Extraction: Textract reads the document and structures its contents, with QUERIES providing targeted field extraction and LAYOUT/SIGNATURES enhancing downstream processing. The helper function extract_text_from_blocks converts Textract’s response into plain text.
Chunking & Embedding: The text is split into manageable passages (chunks) and converted into vector embeddings. Benchmark multiple Bedrock embedding models (e.g., Titan Embeddings G2, Cohere v4, Llama 3/4) for best accuracy, speed, and cost.
Indexing & Retrieval: OpenSearch indexes both text and embeddings, enabling native hybrid search or direct RAG pipelines. Latest OpenSearch APIs simplify retrieval and ranking.
LLM Reasoning: Bedrock’s large language models generate answers or summaries, citing the exact passages used. Enable prompt caching and batch processing for production-grade cost and latency optimization.
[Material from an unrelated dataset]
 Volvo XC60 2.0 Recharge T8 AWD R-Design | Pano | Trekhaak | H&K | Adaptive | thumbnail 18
Retrieval and answer generation logic will be explored in detail in the next section and in Chapter 6 (Retrieval-Augmented Generation).

Real-World Impact

These pipelines aren’t just technical exercises—they solve real business problems:

Contract Q&A: Instantly answer compliance or finance questions from a corpus of contracts, with citations for audits.
Invoice Summarization: Extract totals, due dates, and vendor names from thousands of invoices using QUERIES and advanced extraction, then summarize and route them automatically.
Onboarding Automation: Parse and validate HR forms, trigger account creation, and flag missing information.
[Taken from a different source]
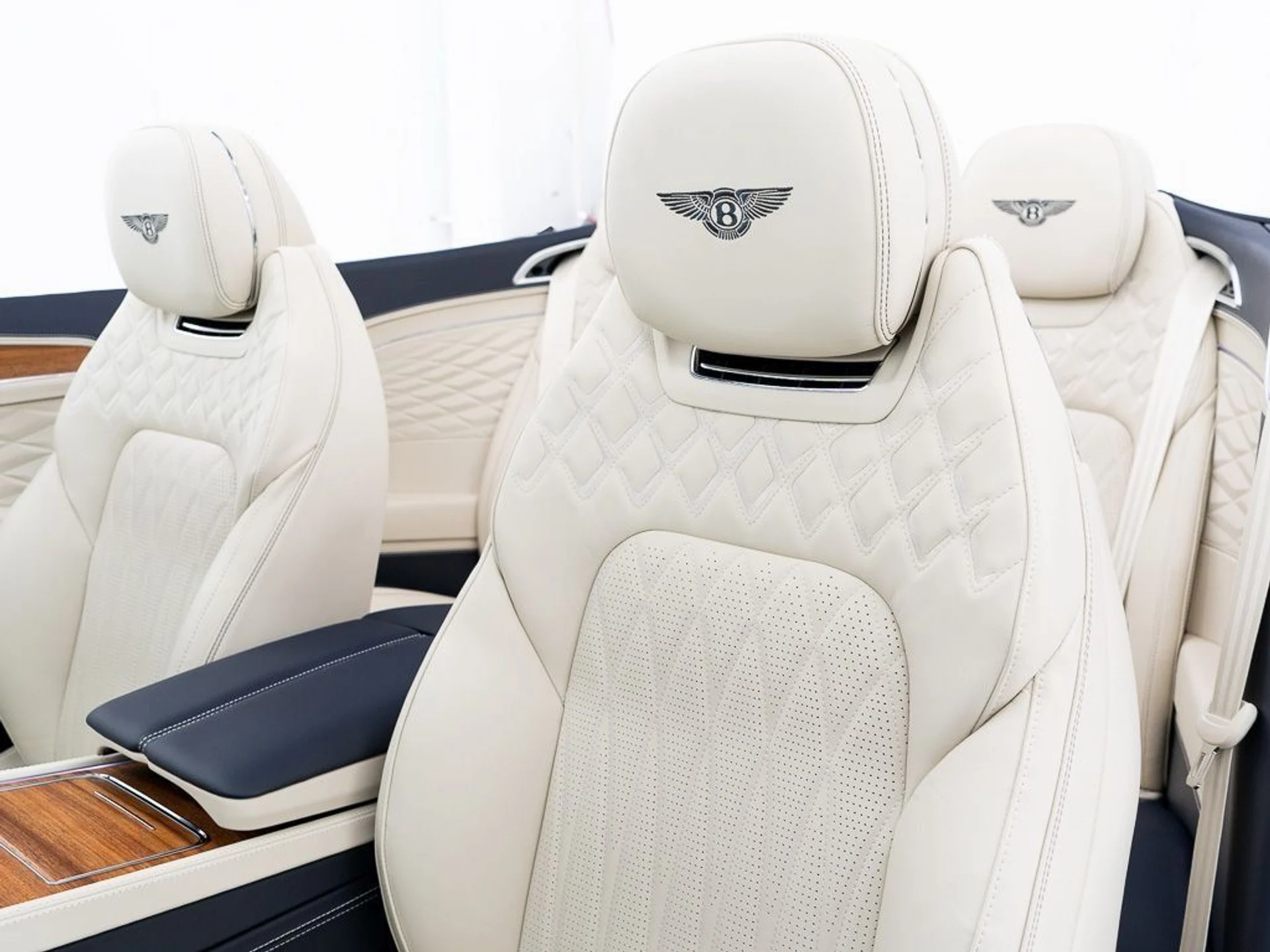 mph023_1534940841_ce6223233e27f1605461048b7e1fc7d1_bfb9685664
Production deployments should always secure data in transit and at rest (using KMS encryption), restrict access via IAM least-privilege, and leverage VPC endpoints for sensitive workloads.

By automating document intelligence, organizations reduce manual effort, minimize errors, and unlock insights for better decisions. With AWS, these solutions scale securely from a handful of documents to millions, while modern features and cost controls (like prompt caching and batch processing) ensure efficiency.